- **EXERCISE INPUT**:
* * *

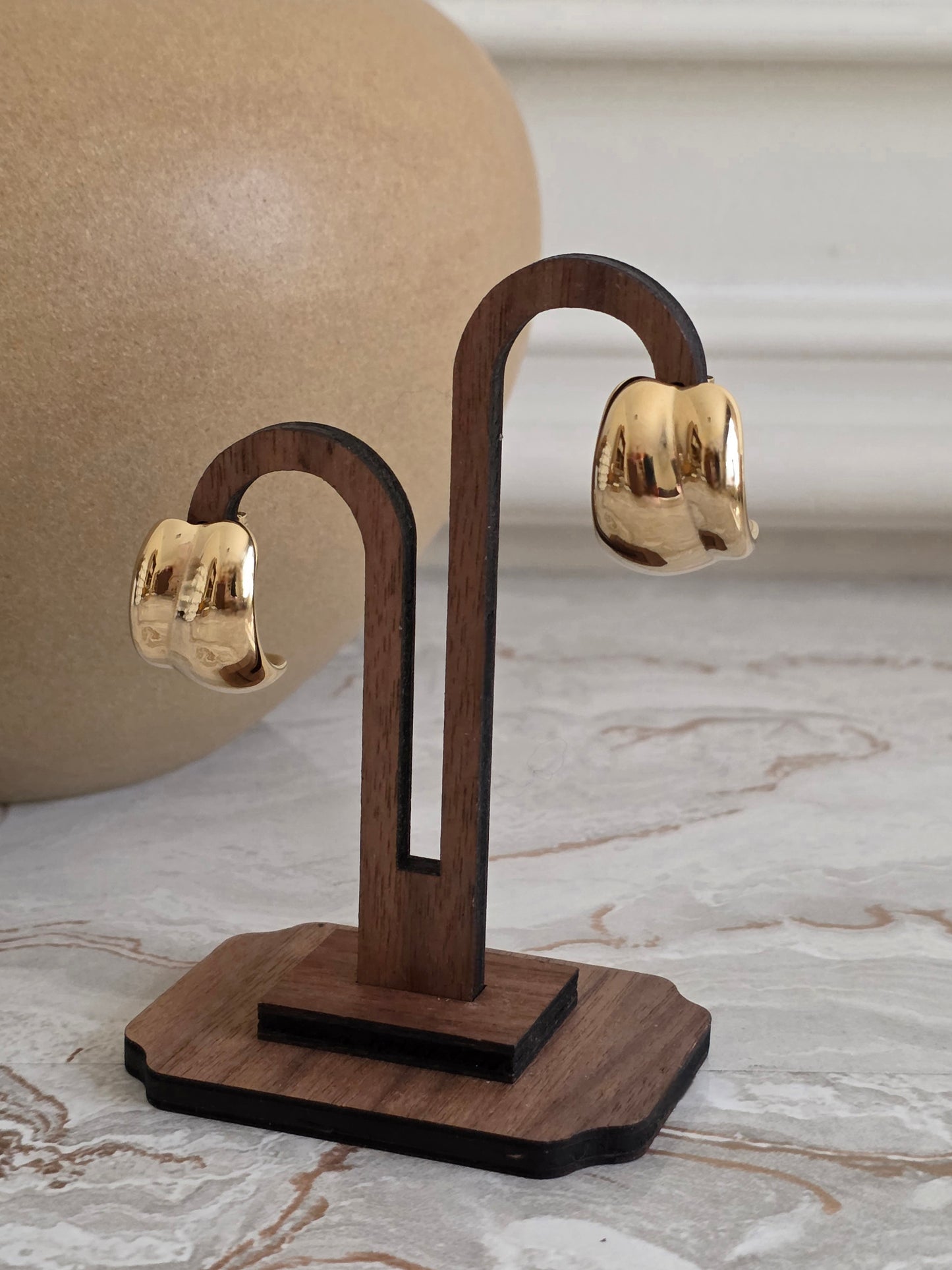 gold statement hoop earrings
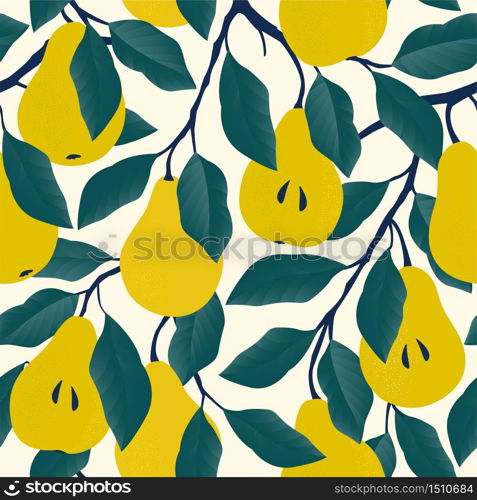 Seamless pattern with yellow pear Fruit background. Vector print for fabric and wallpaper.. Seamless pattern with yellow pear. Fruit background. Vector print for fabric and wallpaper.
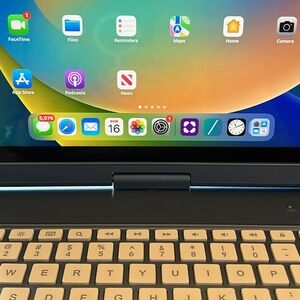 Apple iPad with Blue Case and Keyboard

* * *

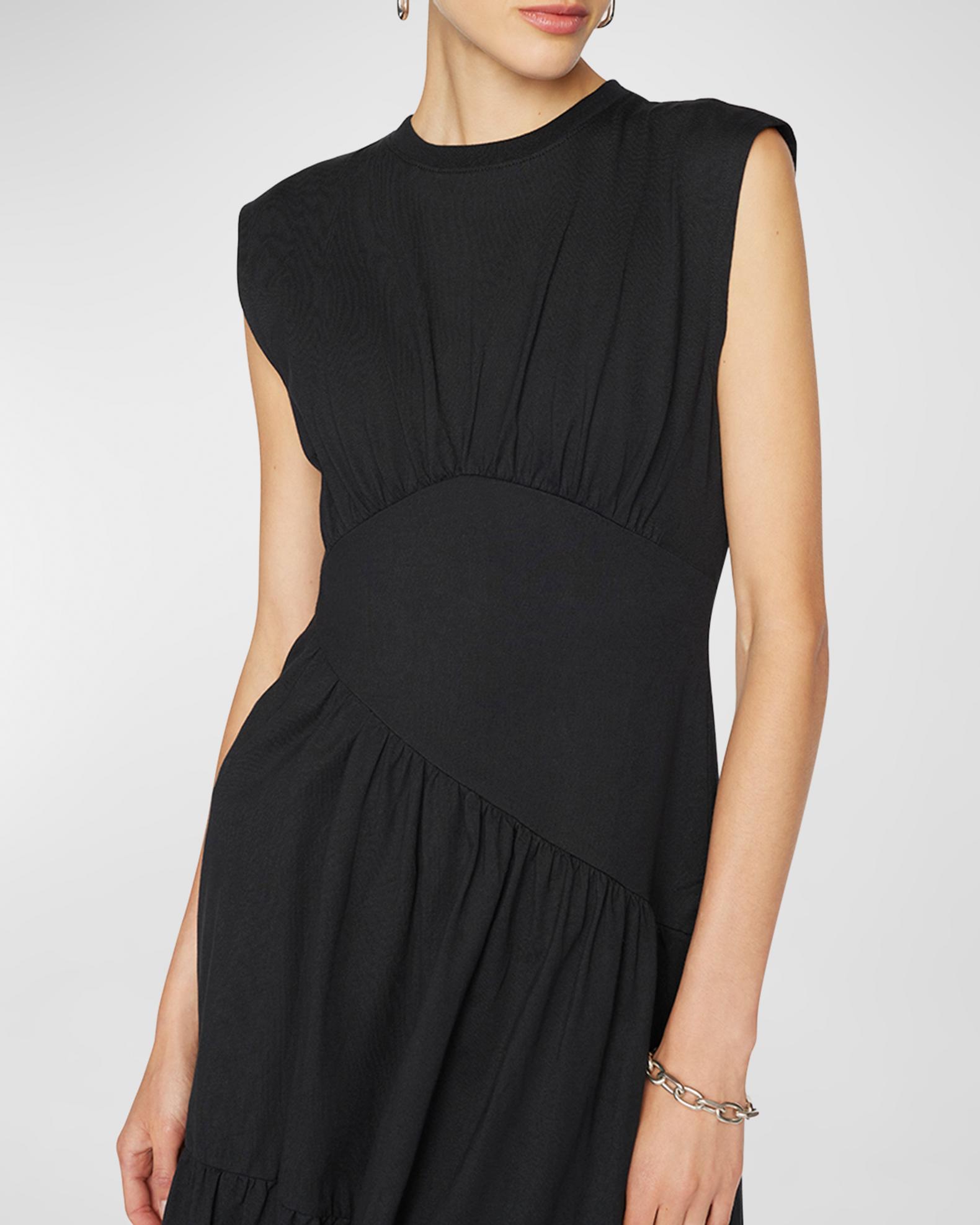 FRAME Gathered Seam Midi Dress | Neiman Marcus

* * *

- **ABOUT THIS EXERCISE**: Whatever pictures the records hold, omit them; give again exactly the lines from the one containing "gold statement hoop earrings" through the one containing "Apple iPad with Blue Case and Keyboard".

- **SOLUTION FOR THIS TASK**:
 gold statement hoop earrings
 Seamless pattern with yellow pear Fruit background. Vector print for fabric and wallpaper.. Seamless pattern with yellow pear. Fruit background. Vector print for fabric and wallpaper.
 Apple iPad with Blue Case and Keyboard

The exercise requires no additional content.